[ENTRIES PROVIDED Boundary: Start]
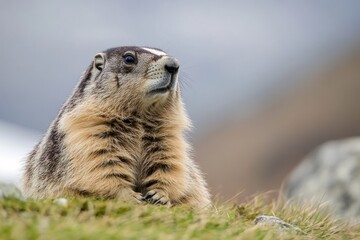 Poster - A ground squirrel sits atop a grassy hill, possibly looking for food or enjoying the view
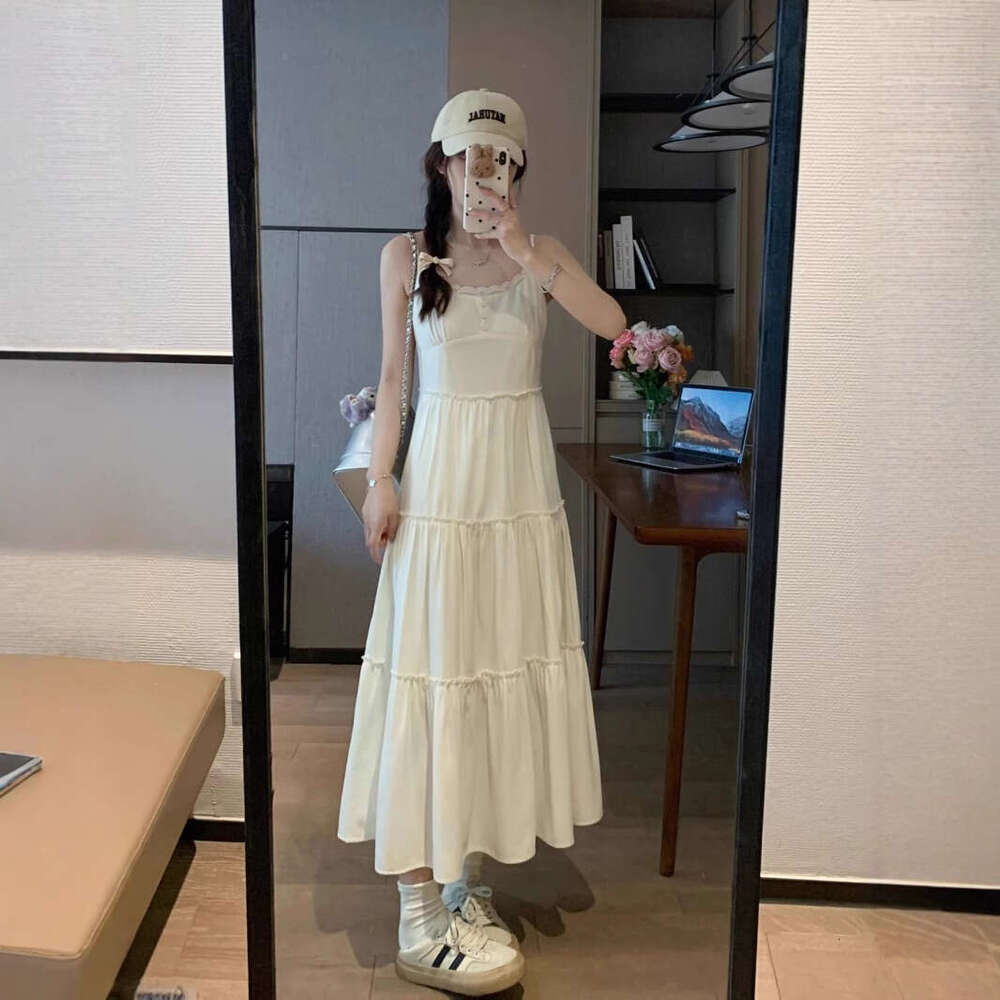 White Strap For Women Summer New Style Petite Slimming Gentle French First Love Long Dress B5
[ENTRIES PROVIDED Boundary: End]
[ENTRIES PROVIDED Boundary: Start]
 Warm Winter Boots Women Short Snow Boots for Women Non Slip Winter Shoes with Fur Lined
[ENTRIES PROVIDED Boundary: End]
## WHAT TO DO
Exact copy, pictures excluded: from the line with "Poster - A ground" up to and including the line with "White Strap For" in the data above.

## SOLVED PROBLEM
 Poster - A ground squirrel sits atop a grassy hill, possibly looking for food or enjoying the view
 White Strap For Women Summer New Style Petite Slimming Gentle French First Love Long Dress B5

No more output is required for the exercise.